What role do genetics play in determining who’s going to respond to nutrients, and who needs additional nutrients than what they can get out of their diet? What role does an infected, inflamed gut play in the absorption of nutrients? It’s not we are what we eat; it’s we are what we absorb. And what role do medications play in determining how effective the nutrients are? Combining medications and nutrients is actually complicated, and we need more research in better understanding these interactions. But ultimately, we need to know how long these good benefits last. So with all of this data, this rich data highlighting the power of nutrition, I think we can make some individual and collective changes now.
We could reconsider our current treatment approach: prioritize lifestyle factors, healthy eating, exercise, supplements, and when necessary, psychological treatments, and save medications for when these approaches don’t work. If nutrients work, then shouldn’t they be covered through our healthcare system? Take universal prevention seriously by optimizing the nutrition of those who are vulnerable. We don’t wait for the heart attack to hit in order for us to modify lifestyle behaviors that we know contribute to heart disease. It should be no different with mental health. An easy way to implement universal prevention would be to have pregnant women – not pregnant women: midwives tell pregnant women about the importance of nutrition. Nutrient-depleted mothers produce nutrient-depleted children. Nutrient-poor foods during pregnancy increase the chances that your child will have a mental health problem. Learn about the risks of cheap, processed foods. As Michael Pollan stated, cheap food is an illusion; there is no such thing as cheap food. The price is paid somewhere, and if it’s not paid at the cash register, then it’s charged to the environment and to the public purse in the form of subsidies, and it’s charged to your health.

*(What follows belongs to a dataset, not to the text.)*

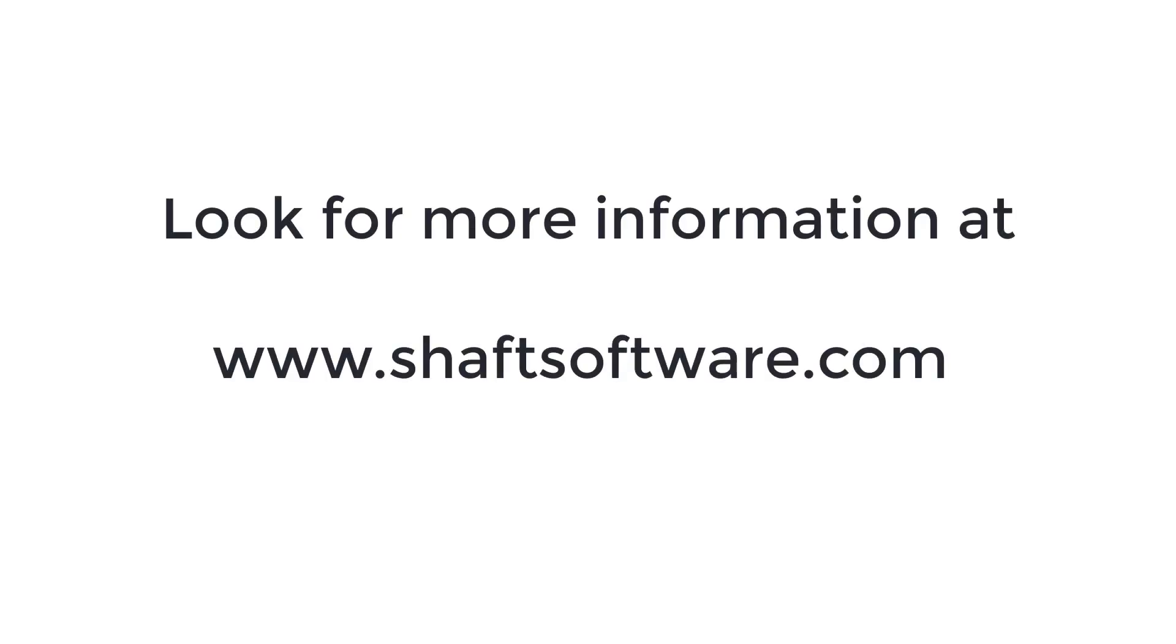Look for more information and the latest news on the website, and subscribe to the channel to keep up with new videos.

All children need to learn how to cook. All children need to know that food doesn’t have to come in a packet. Schools could reflect on the content of their lunch menus. Children are too frequently rewarded with processed foods for good behavior. We need to reflect on whether or not this pairing intuitively makes sense. Ultimately, we have a responsibility to teach them that every time they put something in their mouths, they make a choice: to eat something nourishing, or something nutritionally depleted. In the 19th century, physicians were offended when Semmelweis suggested they wash their hands before delivering babies. We are now asking them to consider whether the medications that they prescribed are contributing to the poor long-term outcome for some people with mental illness. But eating well and when appropriate additional nutrients can improve the mental health of many people. I leave you with one last thought. Randomized trials in the 1600s showed that putting limes aboard ships headed out for long voyages completely eliminated the 40% mortality from scurvy. But it took 264 years for the British government to mandate that all ships must carry citrus for their sailors.